--- AIM OF THE EXERCISE ---
The output should be the listing below, limited to the lines from the one with "王雷攜5歲幼子騎行無人識，危險行為惹爭議，兒子虎頭虎頭像媽" through the one with "Kade Spade Crossbody Bag - Picture 5 of 5", exact and without pictures.

--- TASK INPUT ---

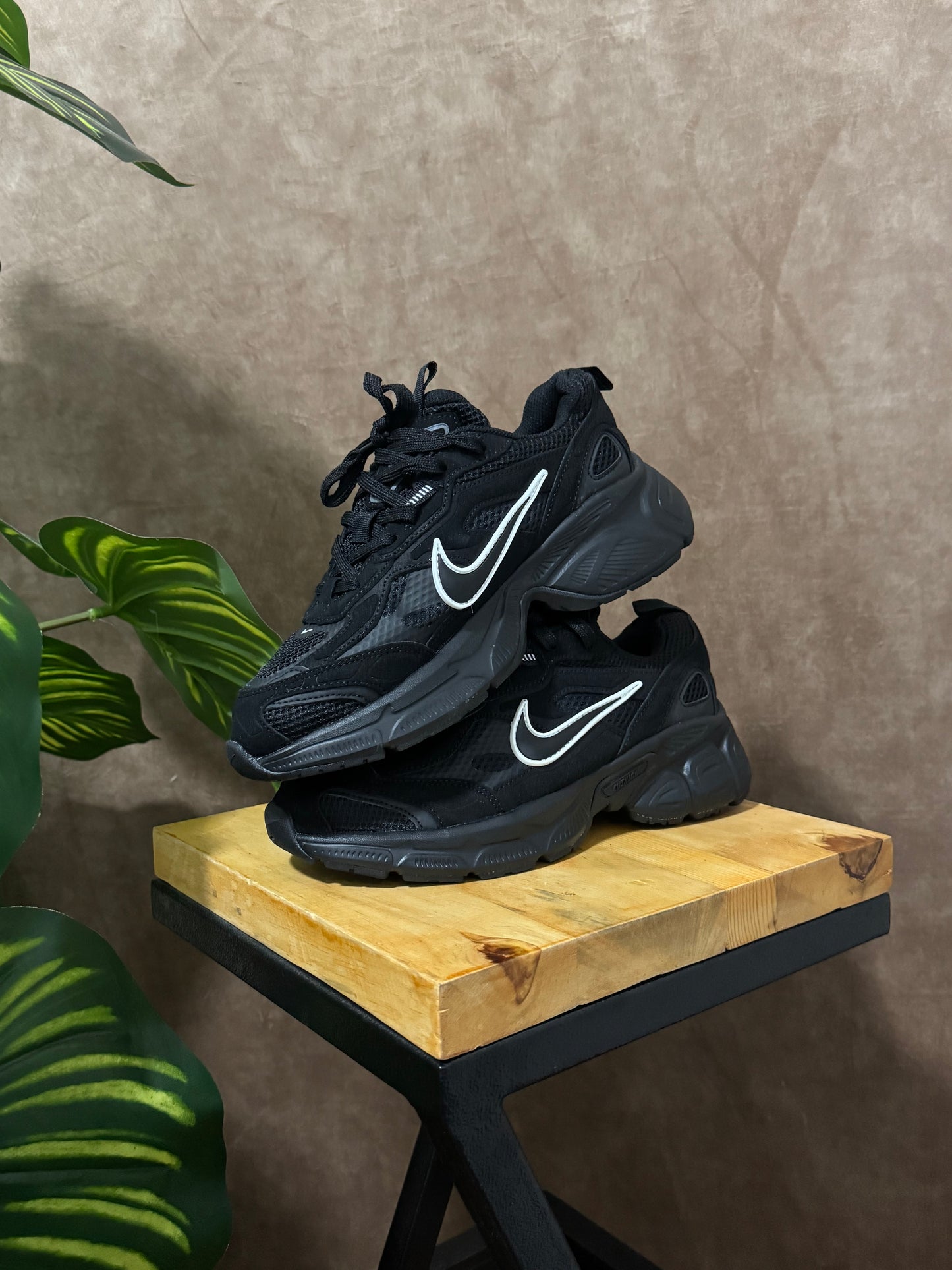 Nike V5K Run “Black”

---

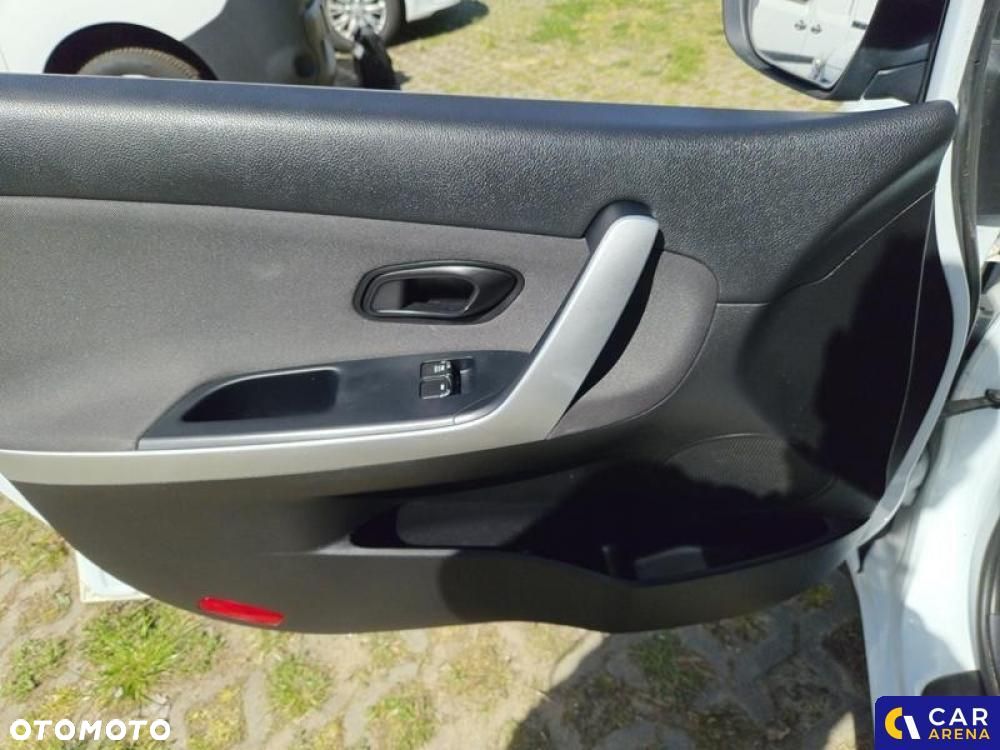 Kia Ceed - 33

---

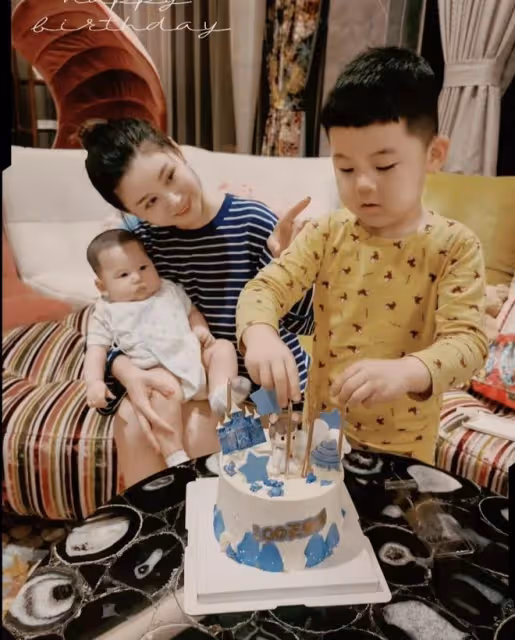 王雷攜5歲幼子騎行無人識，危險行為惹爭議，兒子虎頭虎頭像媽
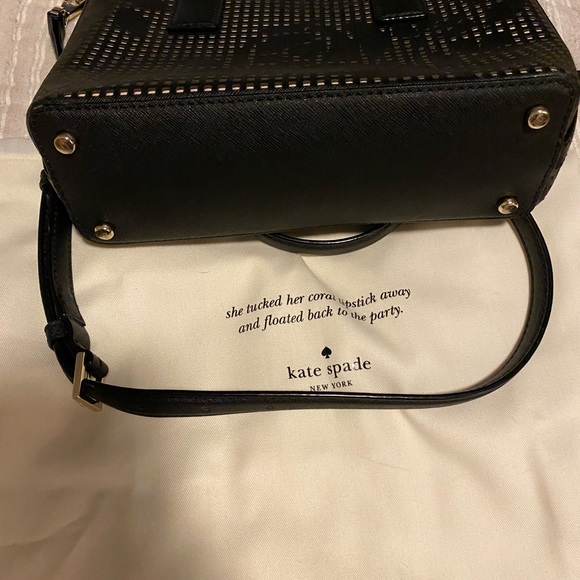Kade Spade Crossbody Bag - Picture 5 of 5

--- TASK OUTPUT ---
 王雷攜5歲幼子騎行無人識，危險行為惹爭議，兒子虎頭虎頭像媽
Kade Spade Crossbody Bag - Picture 5 of 5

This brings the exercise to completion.